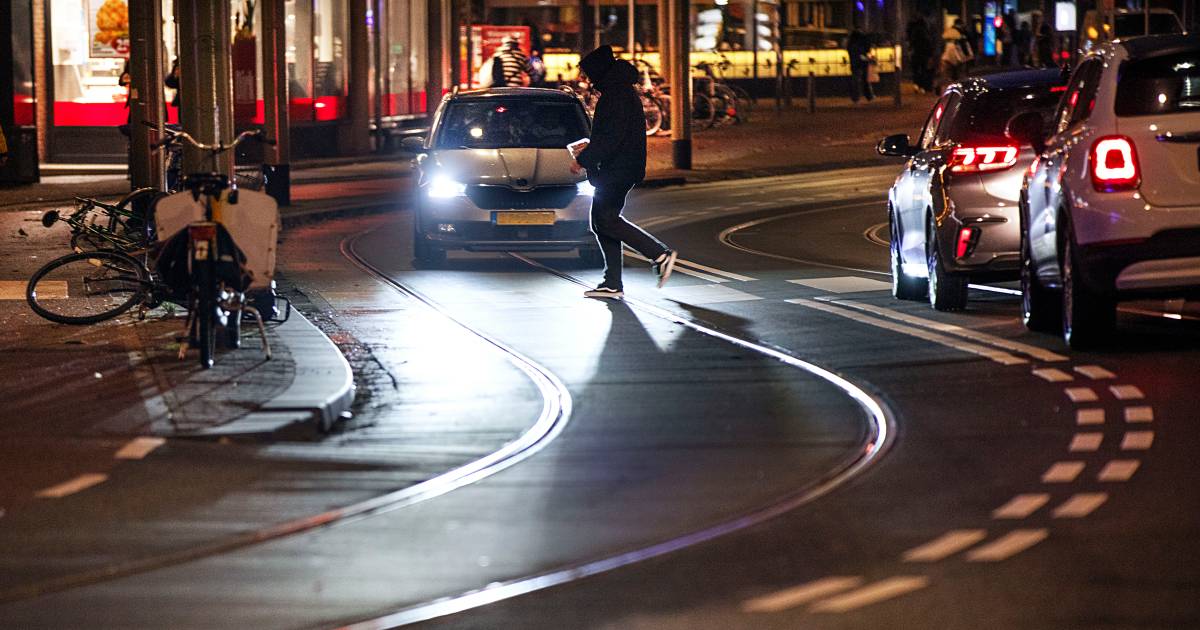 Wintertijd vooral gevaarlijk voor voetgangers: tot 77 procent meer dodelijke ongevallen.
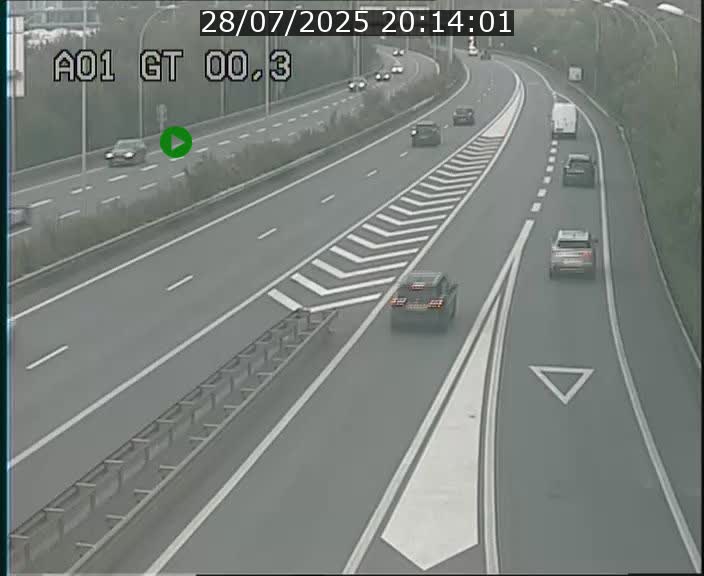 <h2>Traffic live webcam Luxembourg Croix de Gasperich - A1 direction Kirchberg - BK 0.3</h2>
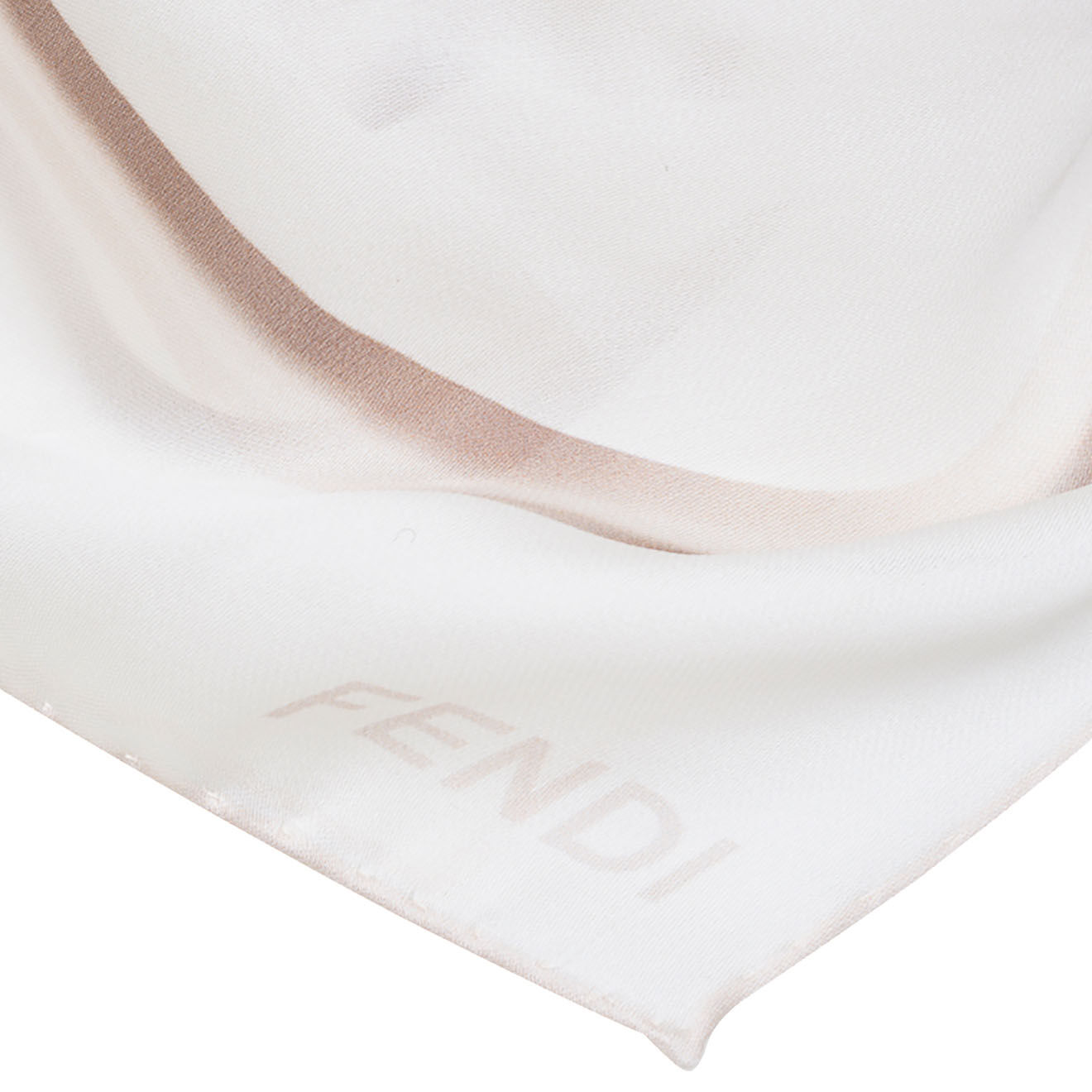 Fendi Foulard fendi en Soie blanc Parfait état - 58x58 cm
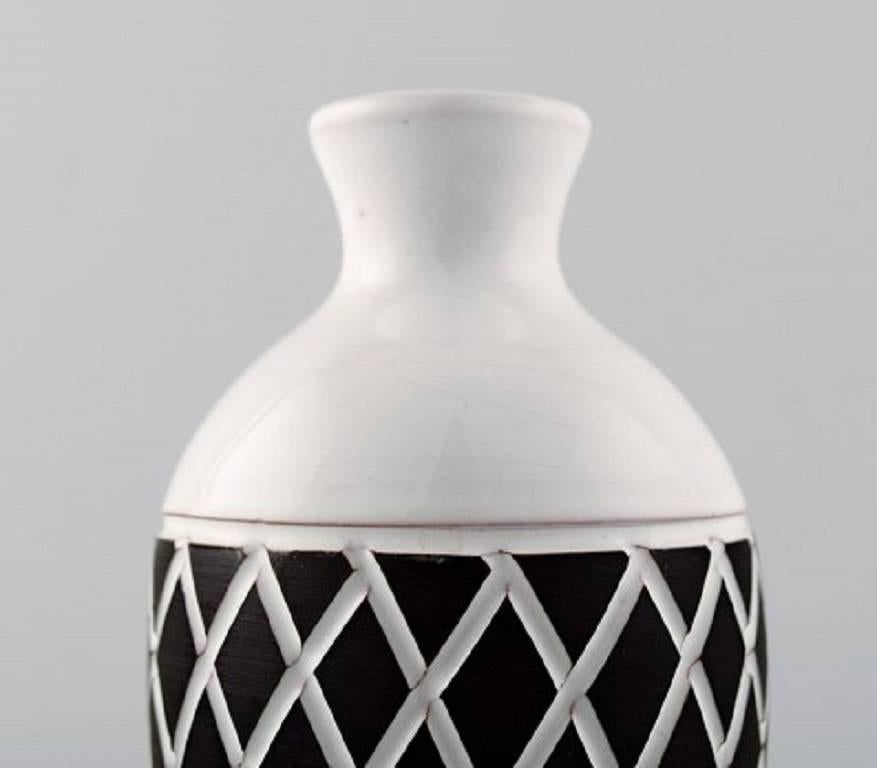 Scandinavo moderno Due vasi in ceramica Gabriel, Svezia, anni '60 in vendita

————————

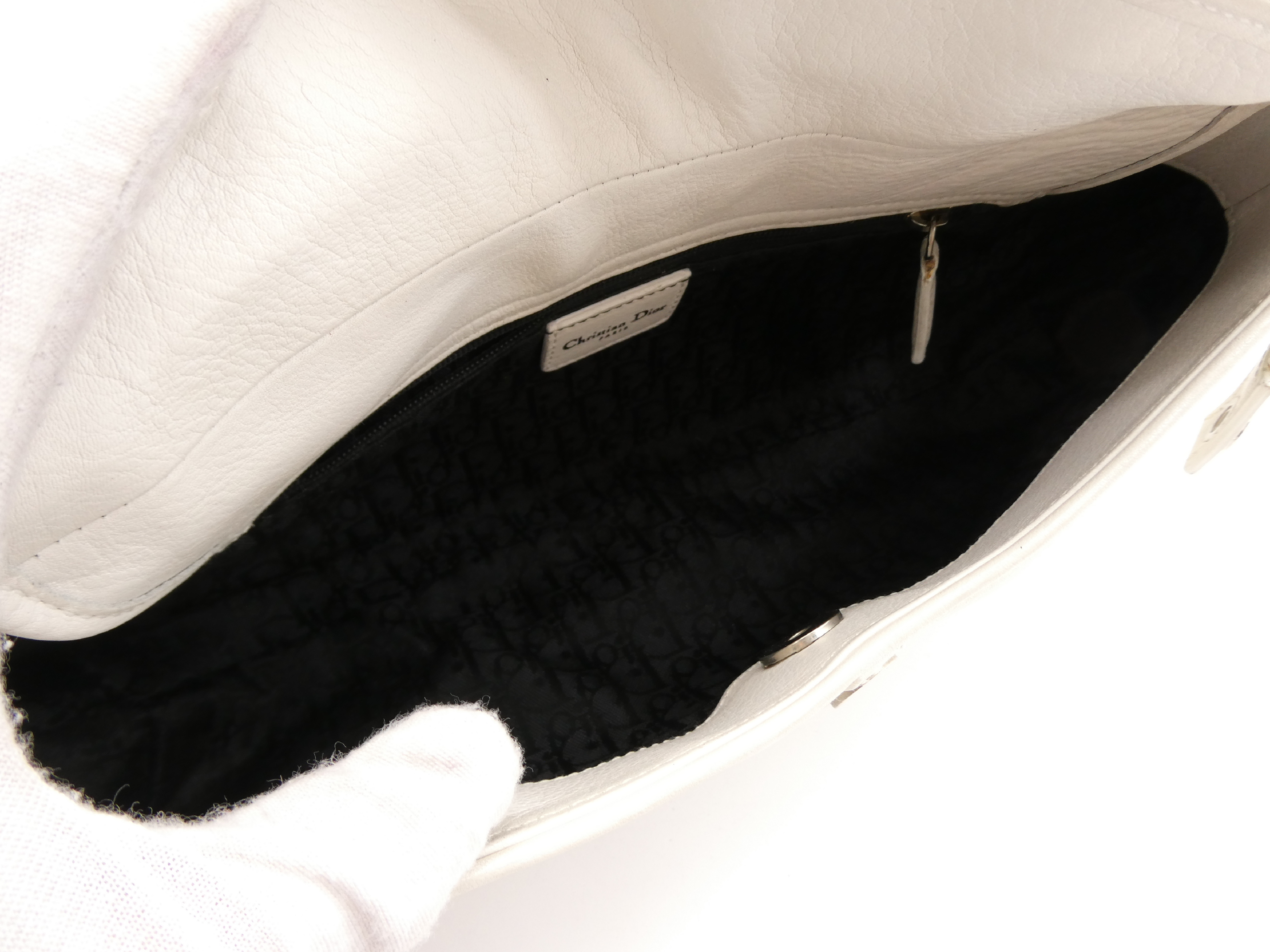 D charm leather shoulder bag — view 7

————————

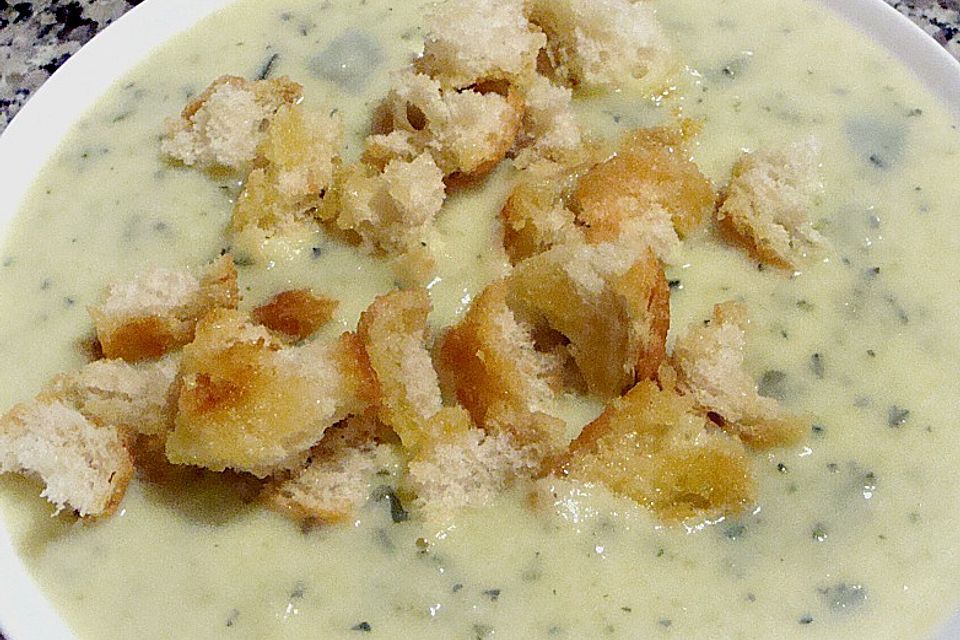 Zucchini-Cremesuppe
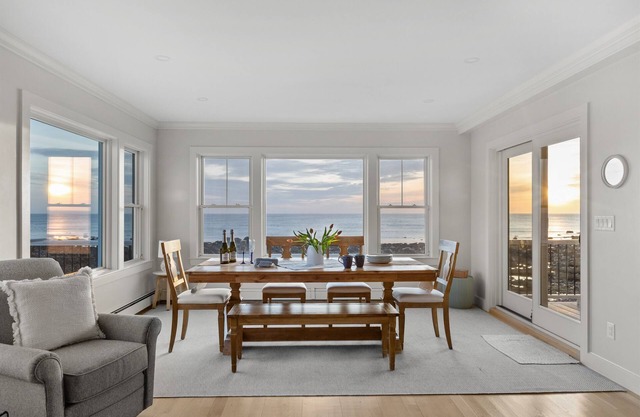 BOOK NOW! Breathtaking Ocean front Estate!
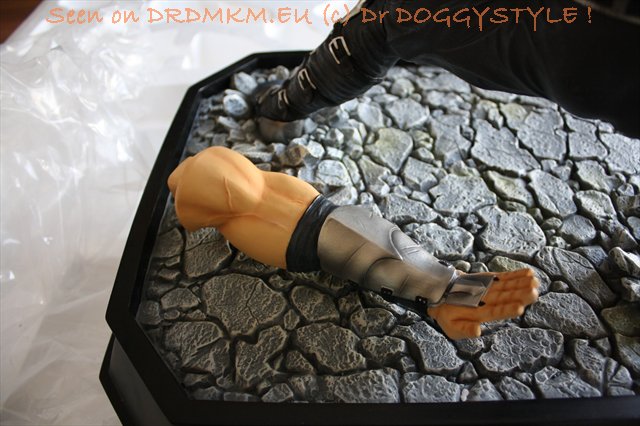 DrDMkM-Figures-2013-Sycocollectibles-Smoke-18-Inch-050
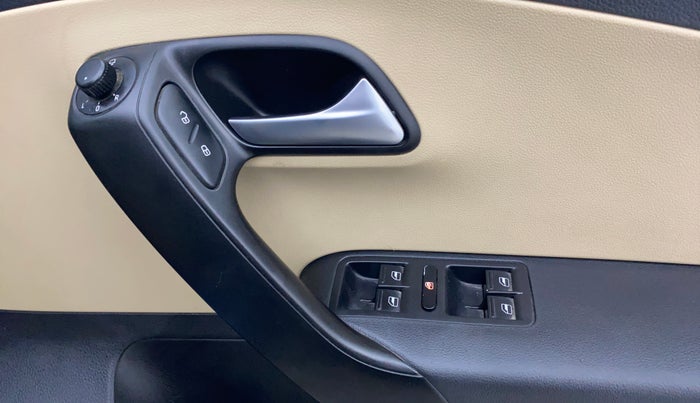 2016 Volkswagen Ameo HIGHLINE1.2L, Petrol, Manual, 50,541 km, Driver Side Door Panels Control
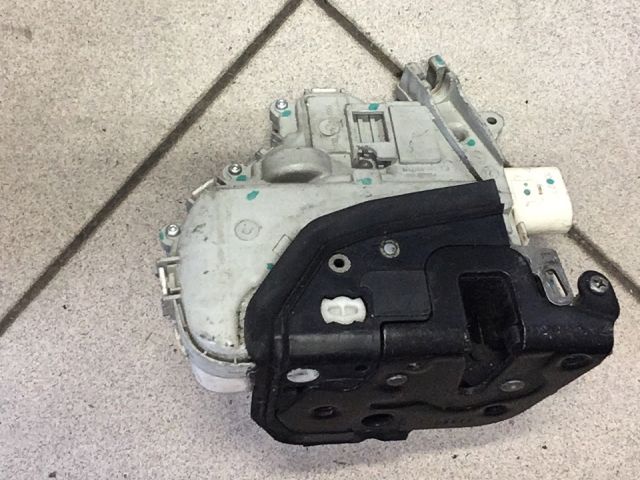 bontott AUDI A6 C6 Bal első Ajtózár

————————

EXERCISE PROMPT ▸
Would you restate, exactly and with no pictures, the lines of the entries above from the one containing "Fendi Foulard fendi" through the one containing "Scandinavo moderno Due"?

RESPONSE TO THIS TASK ▸
 Fendi Foulard fendi en Soie blanc Parfait état - 58x58 cm
 Scandinavo moderno Due vasi in ceramica Gabriel, Svezia, anni '60 in vendita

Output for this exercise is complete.